Travel Tuesday Presents: Traditions from Around the WorldNew Years is a special time all around the world and though its timing and significance can vary from country to country one thing they all share are unique traditions. We scoured the internet to uncover some of the most interesting New Years traditions from around the world.
This is the one tradition every traveler can appreciate. Colombians carry an empty suitcase around the block in hopes of having a travel-filled year. We could certainly see ourselves partaking in this fun tradition. Other Latin American countries, such as Ecuador and Mexico, do this as well.
Don’t try this at home! Unless of course you live in Denmark, Germany, or the Netherlands. The Danes have fun throwing old plates and glasses against the doors of family, friends, and neighbors to ward off evil spirits. It’s also a sign of good luck and friendship. Some people like to leave the broken plates out on their door step for a while to appreciate how many friends they have.
Another fun tradition is that they literally JUMP into the New Year. At midnight they stand on benches, chairs, sidewalks or any other object they can jump off of, and together leap at the stroke of twelve. Last year we were in Kratie, Cambodia with two Danish women and jumped into the New Year with them - it was a blast. We like to laugh about how Alli may have actually fallen into the new year… whoops!
Fancy lentils? Head to Chile next year and devour a spoonful of these legumes at midnight to ensure prosperity for the year to come. Talk about a healthy New Years tradition. And, to top it all off you can add some lucky grapes to the meal. If you want all of your wishes to come true, devour 12 grapes - one for each stroke of the clock at midnight to symbolize the twelve months of the year. Spain has a similar grape tradition!

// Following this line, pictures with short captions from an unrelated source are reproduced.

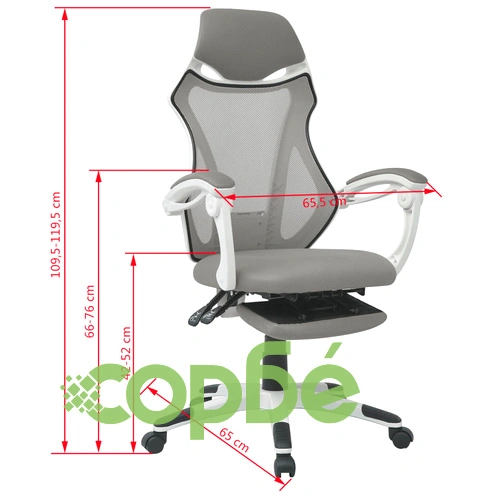 Офис стол, накланящ се, подложка за крака, плат, бяло и сиво ➤ топ цена ➤ sorbe.bg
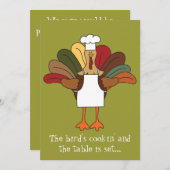 Tucker Turkey Chef Thanksgiving Dinner Invitation Kaart (Voorkant / Achterkant)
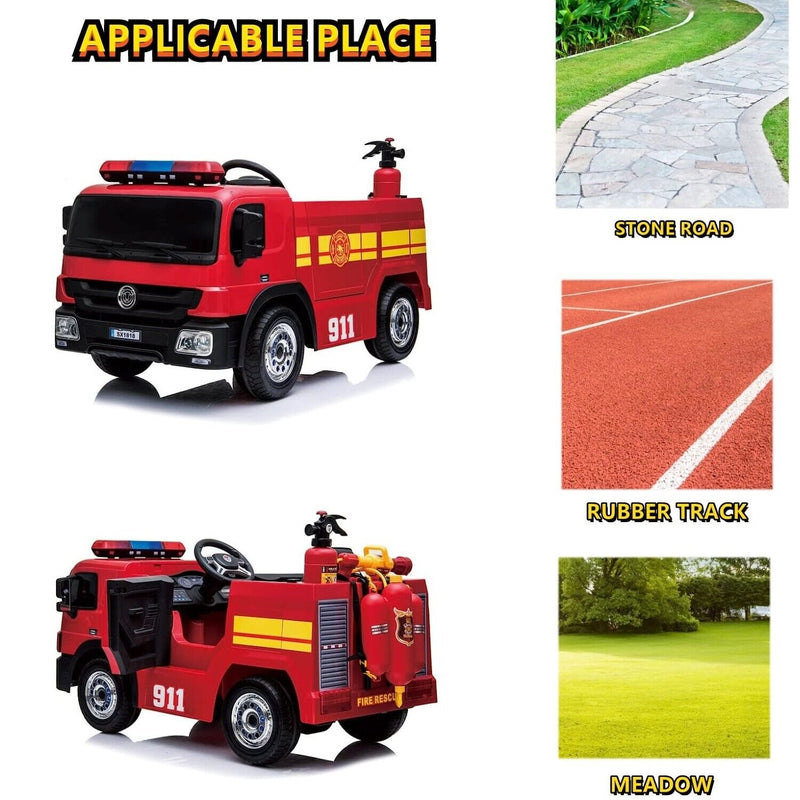 Load image into Gallery viewer, 12V Ride-On Fire Truck Toy Car with Remote Control for Kids Ages 3-6
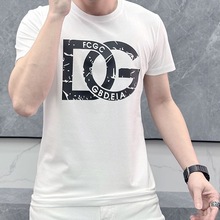 青佑潮奢尚品欧洲站轻奢痞帅男装短袖男士圆领t恤网红时尚休闲夏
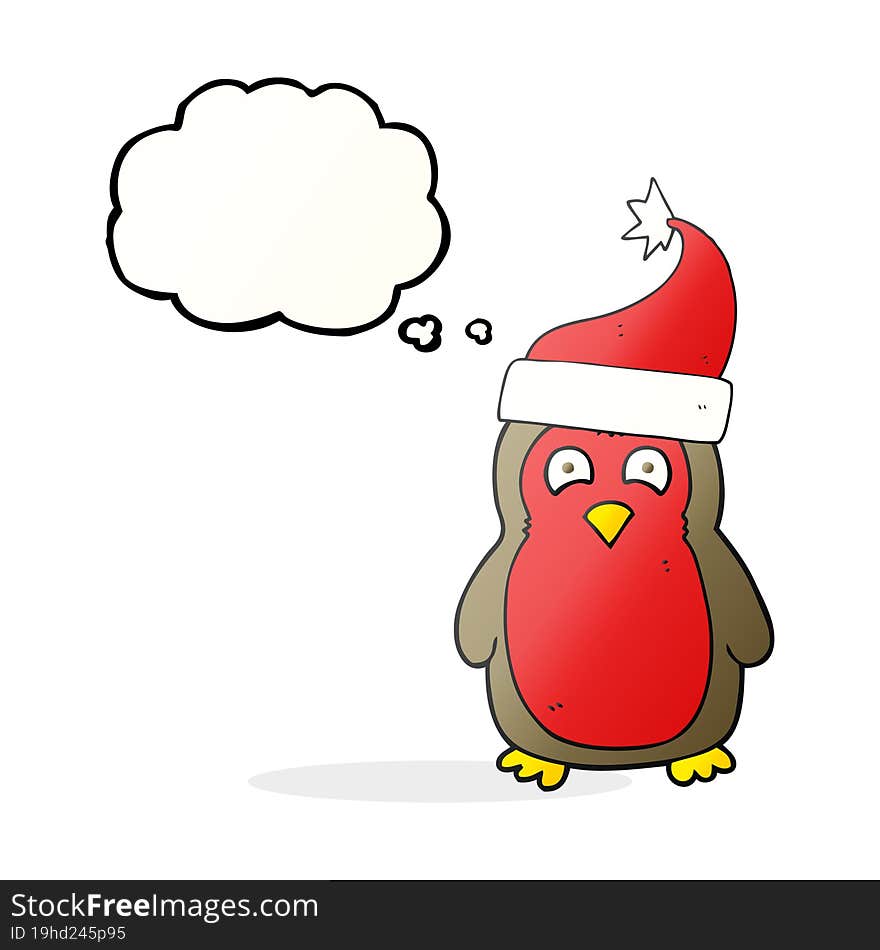 Thought Bubble Cartoon Christmas Robin Wearing Santa Hat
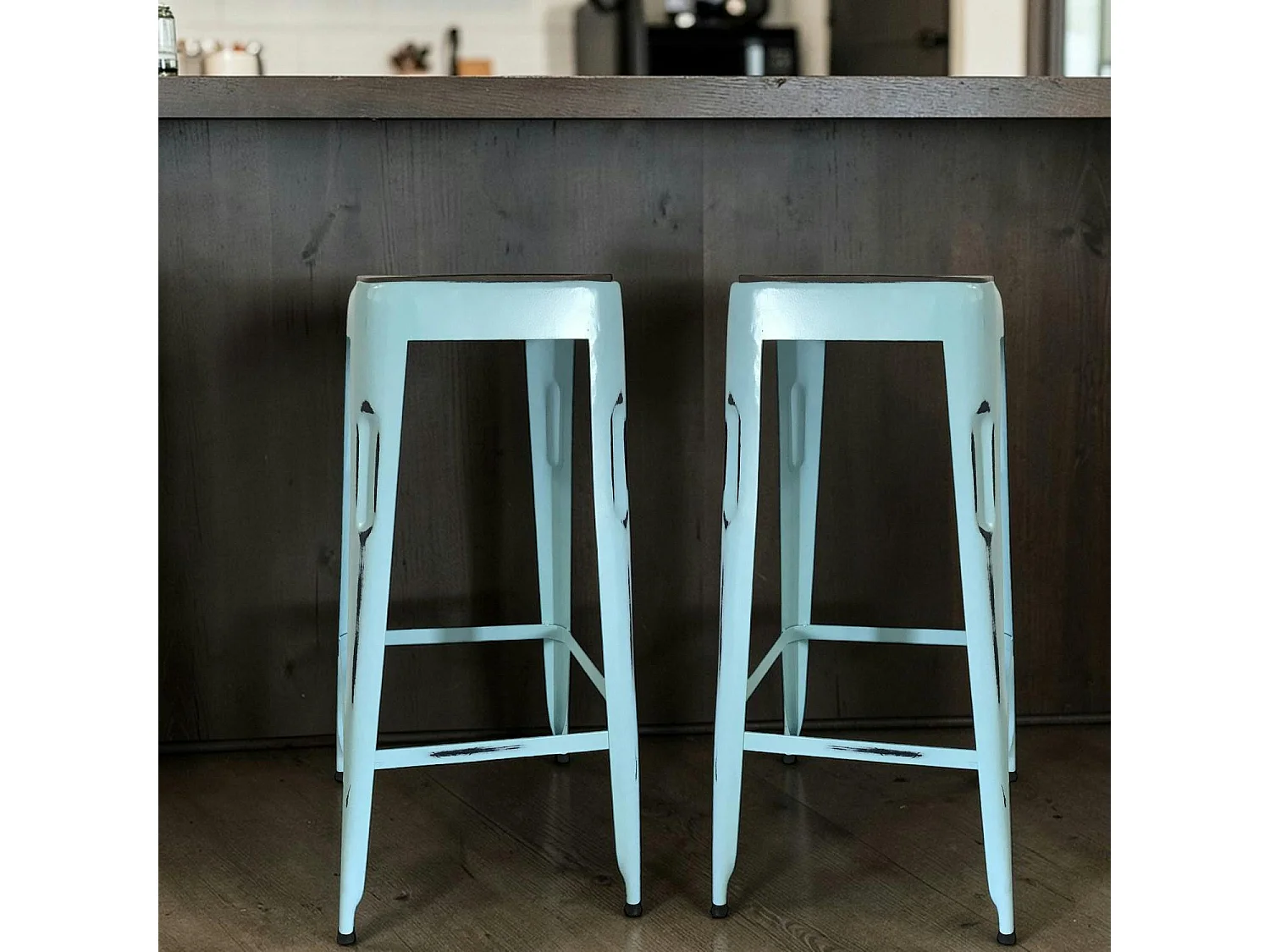 Tabouret de bar bleu (lot de 2) LEEDS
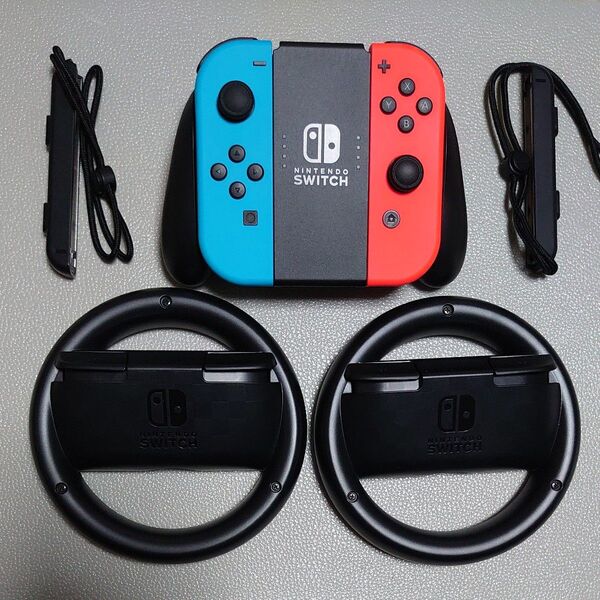 綺麗です スイッチ Joy-Con (L) ネオンブルー/(R) ネオンレッド ジョイコン ハンドル ストラップ グリップ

If you find fire beautiful, traveling to Ecuador might intrigue you. In this South American country, scarecrow-esq figures called ‘viejos’ are lit on fire at midnight to symbolically bid goodbye to ‘los años viejos’. Building the ‘viejos’ is typically a family tradition - how neat! Creation involves stuffing old clothing with newspaper and sawdust. Some are just for fun while others are burnt in hopes of bringing luck and prosperity.
Is telling your future of any interest to you? The Finnish tradition of predicting what the New Year will bring includes pouring molten tin into a container of cold water. The tin hardens instantly and produces varying shapes. These shapes are then interpreted to predict if the year ahead will bring good luck, back luck, health, sickness, wealth, and more.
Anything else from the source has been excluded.